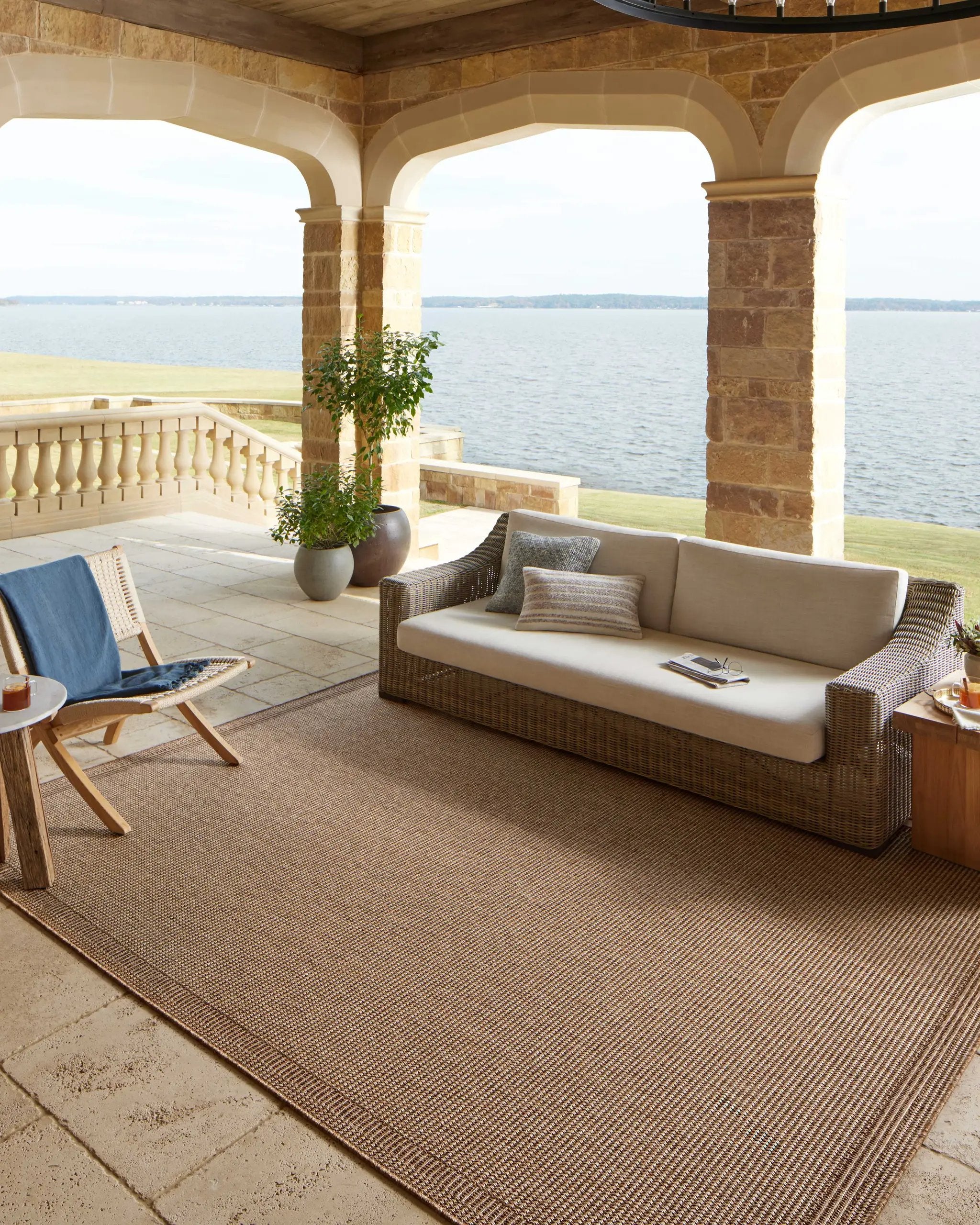 Merrick MER-03 Natural / Oatmeal Area Rug by Loloi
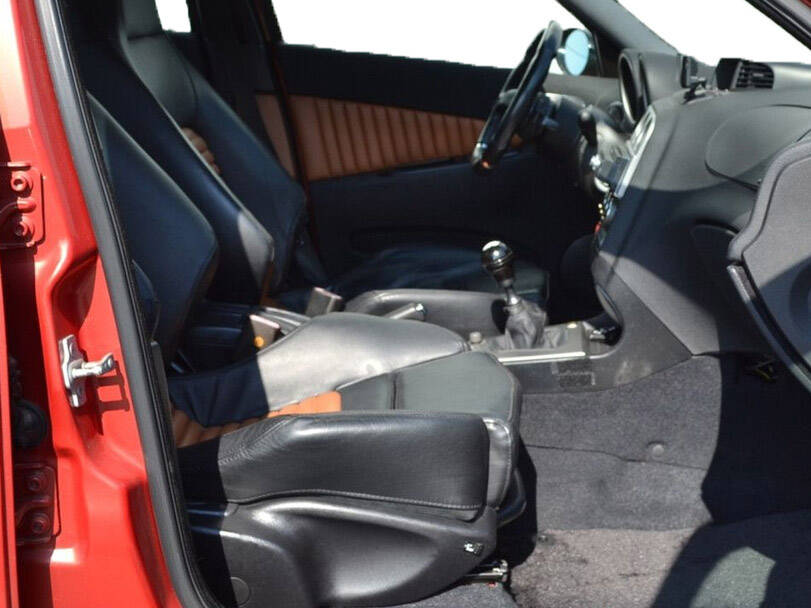 ألفا روميو 156 Interior 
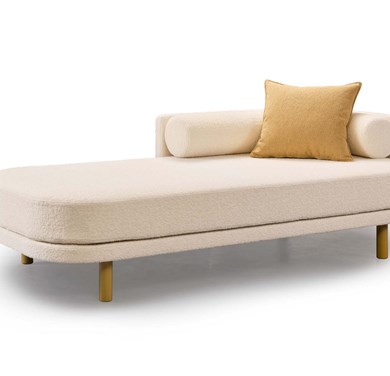 © MOELLCAJA102_1.jpg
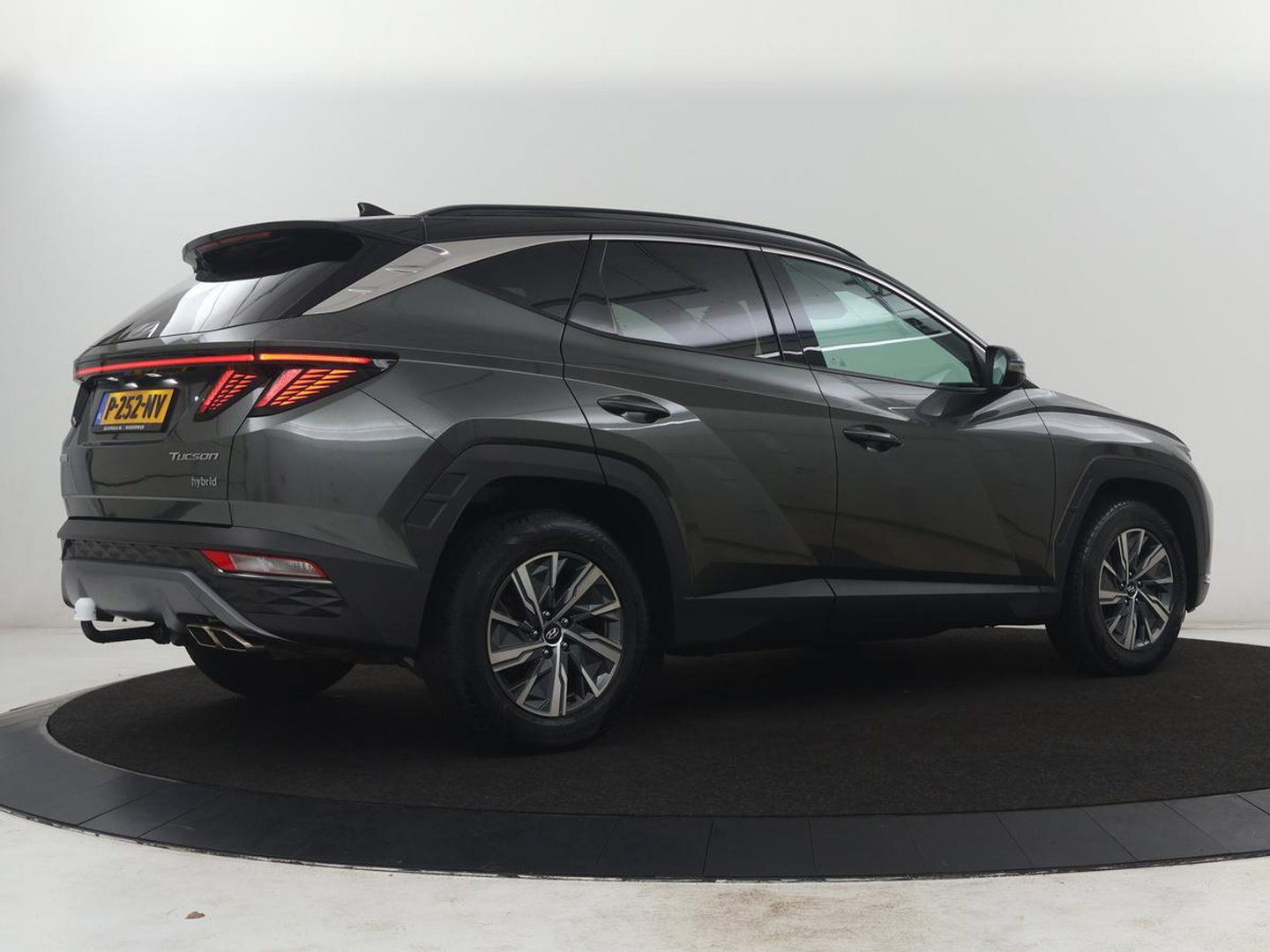 Hyundai Tucson 1.6 T-GDI HEV Comfort Smart | Trekhaak | Adaptive cruise | Stuur/stoel verwarming | Climate control | Carplay | Camera | Park assist | Full LED | KRELL Sound |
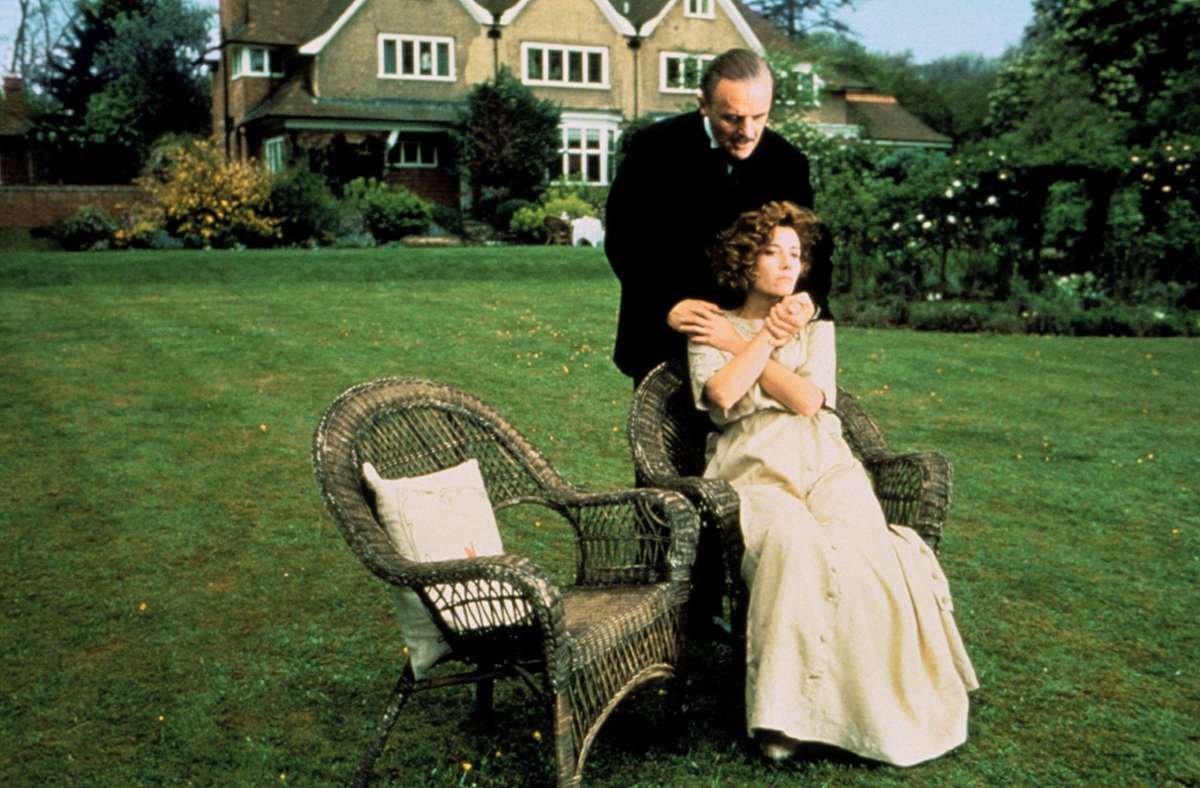 Englischer Rasen II – Anthony Hopkins und Emma Thompson in dem Film „Howards End“ von 1992, einer Literaturverfilmung eines Buches von E.M. Forster. Regie führte James Ivory.
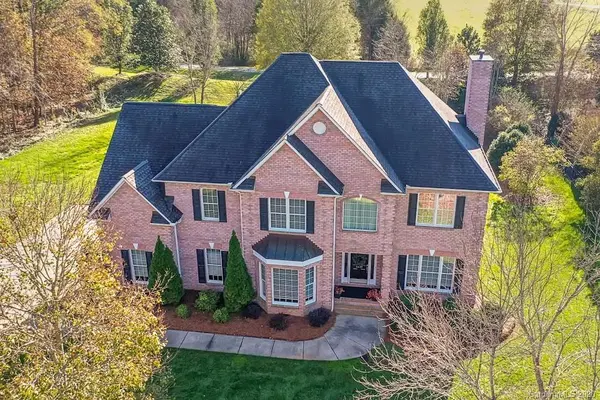 6619 Fox Ridge CIR, Davidson, NC 28036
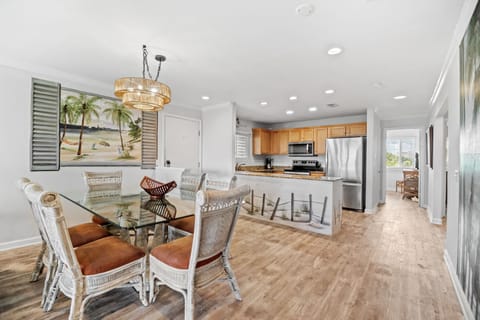 Needle Rush Point C26 - Dining & Kitchen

- DIRECTIONS FOR THIS TASK
In the listing above, retype exactly, and only, the lines from the one containing "Englischer Rasen II" through the last line, both included. Omit the pictures.

- ANSWER TO THIS TASK
 Englischer Rasen II – Anthony Hopkins und Emma Thompson in dem Film „Howards End“ von 1992, einer Literaturverfilmung eines Buches von E.M. Forster. Regie führte James Ivory.
 6619 Fox Ridge CIR, Davidson, NC 28036
 Needle Rush Point C26 - Dining & Kitchen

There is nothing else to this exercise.